# What needs to be done
Start at the line that contains "Alternator KIA Picanto (TA)" in the listing below and extract every line through the last, exactly; leave pictures out.
# # #
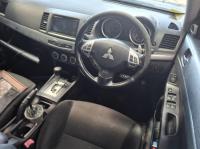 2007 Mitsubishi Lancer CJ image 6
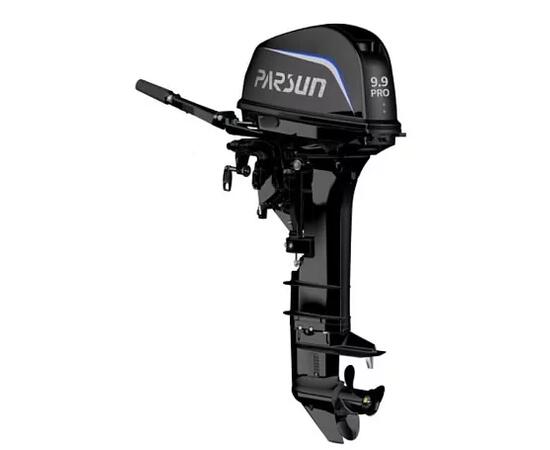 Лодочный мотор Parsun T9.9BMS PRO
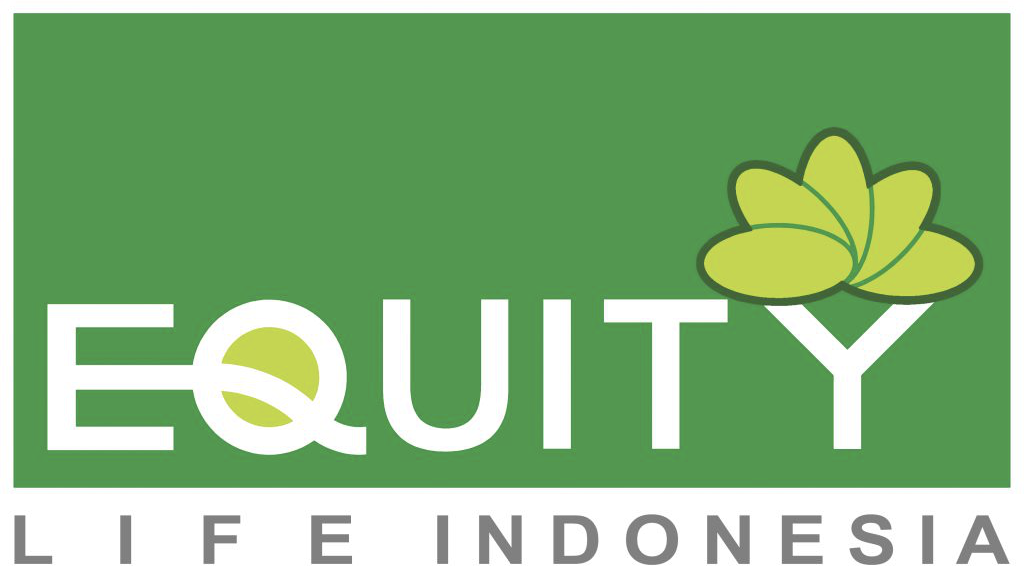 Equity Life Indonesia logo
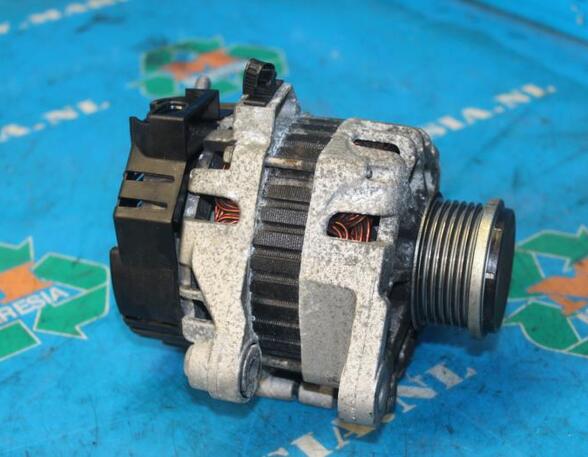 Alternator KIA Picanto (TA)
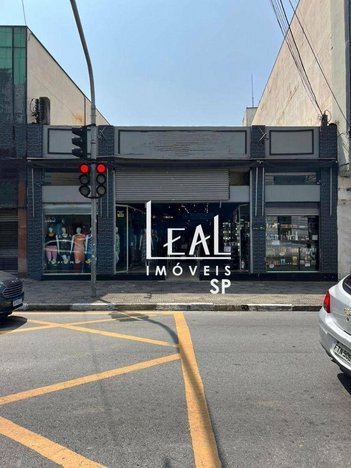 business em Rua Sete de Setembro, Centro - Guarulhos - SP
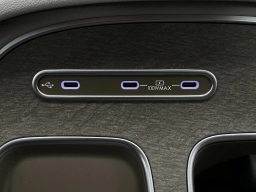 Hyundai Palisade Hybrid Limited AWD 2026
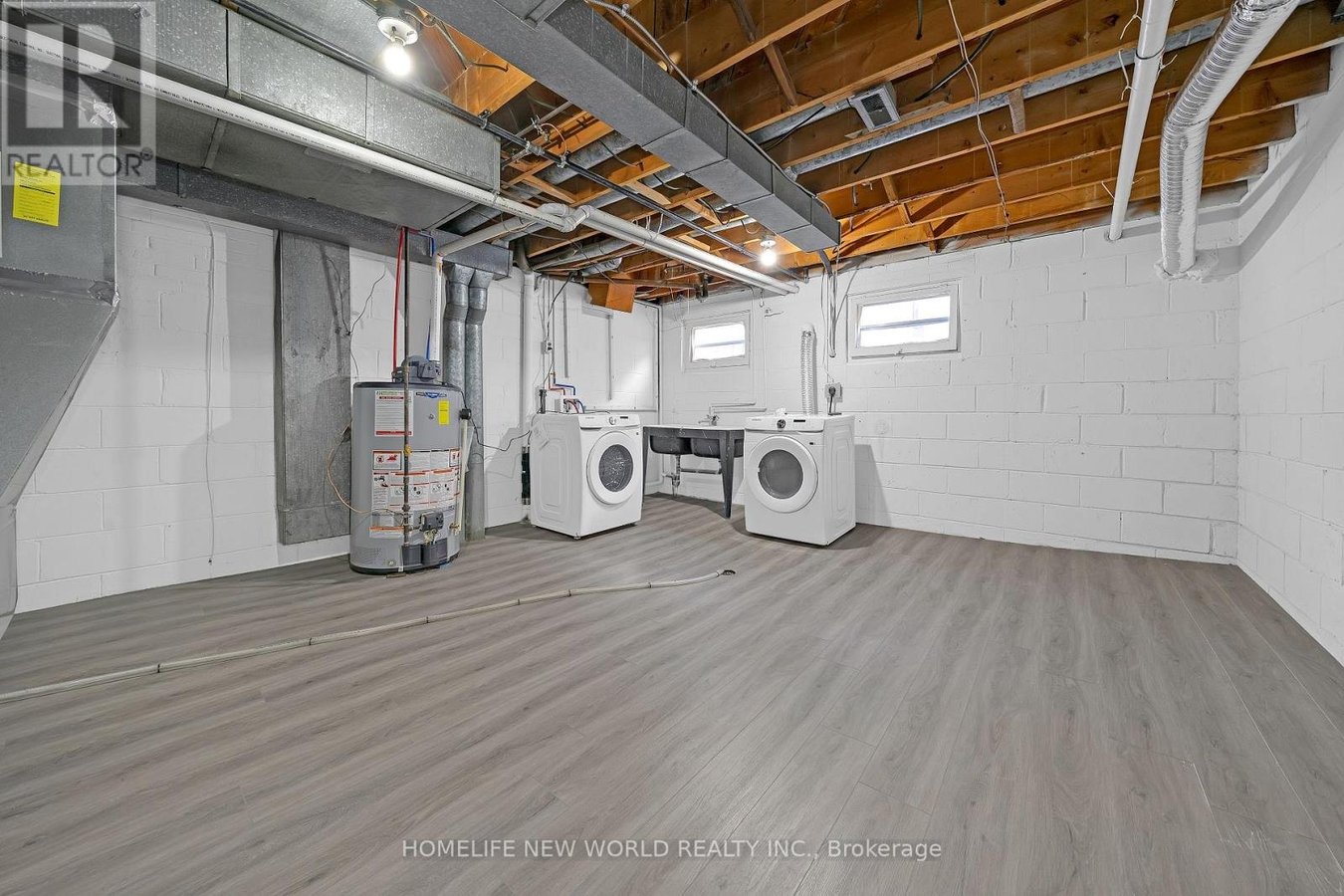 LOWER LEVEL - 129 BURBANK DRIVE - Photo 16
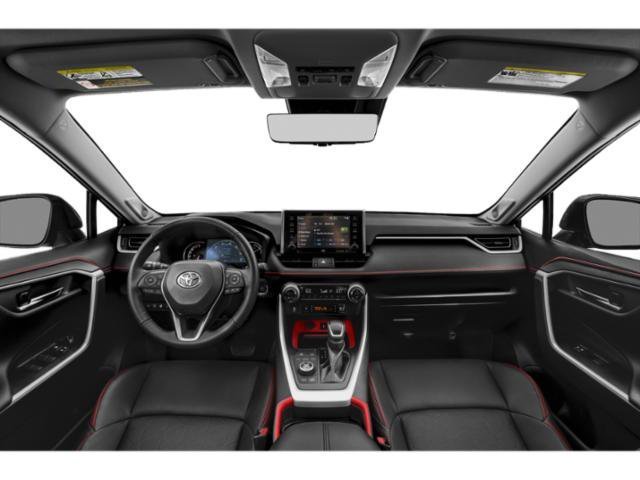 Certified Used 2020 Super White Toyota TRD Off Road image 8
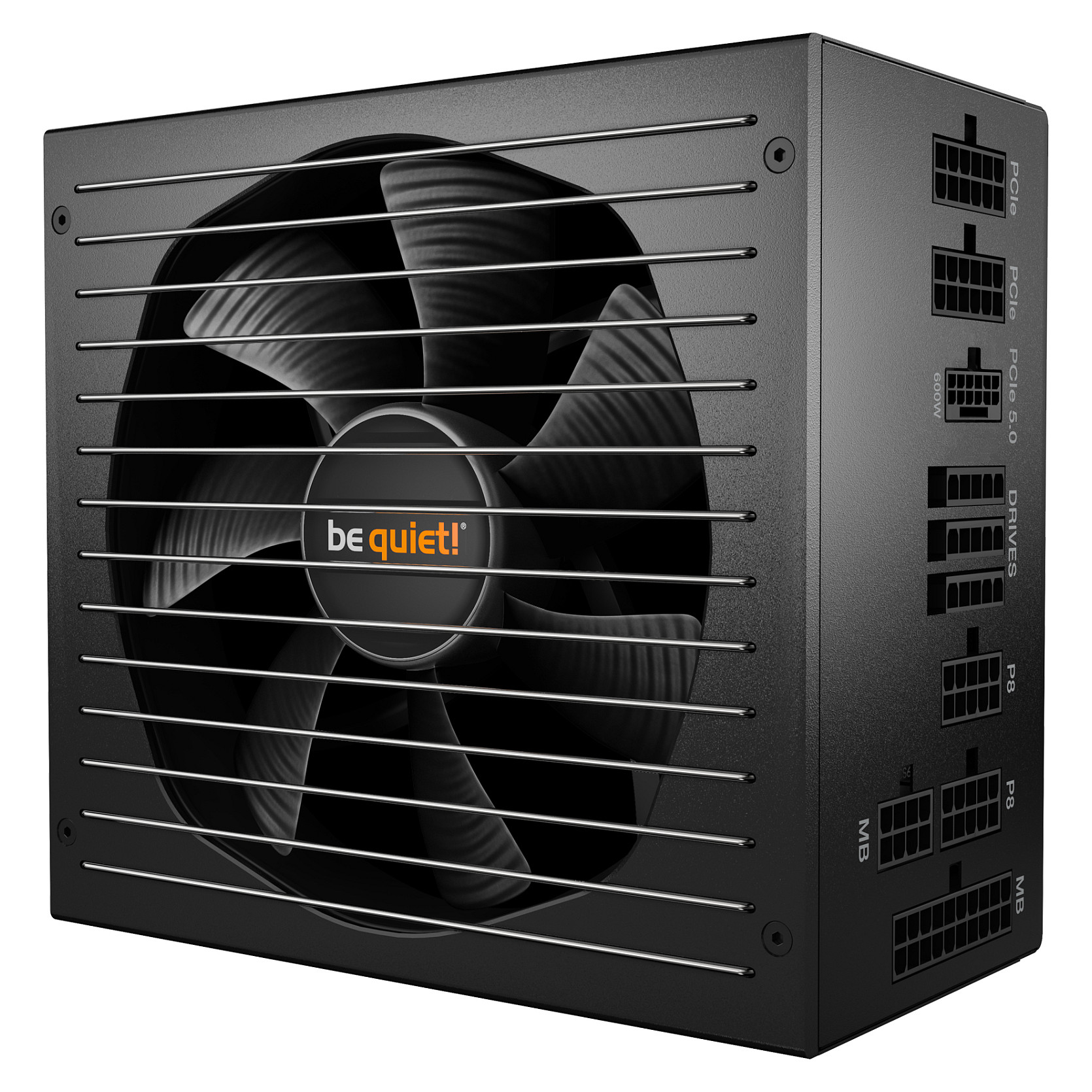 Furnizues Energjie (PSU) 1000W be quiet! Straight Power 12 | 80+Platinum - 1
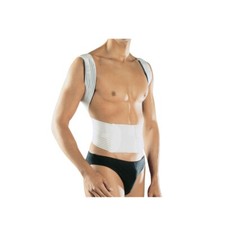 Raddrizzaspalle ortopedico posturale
# # #
# Task answer
 Alternator KIA Picanto (TA)
 business em Rua Sete de Setembro, Centro - Guarulhos - SP
 Hyundai Palisade Hybrid Limited AWD 2026
 LOWER LEVEL - 129 BURBANK DRIVE - Photo 16
 Certified Used 2020 Super White Toyota TRD Off Road image 8
 Furnizues Energjie (PSU) 1000W be quiet! Straight Power 12 | 80+Platinum - 1
 Raddrizzaspalle ortopedico posturale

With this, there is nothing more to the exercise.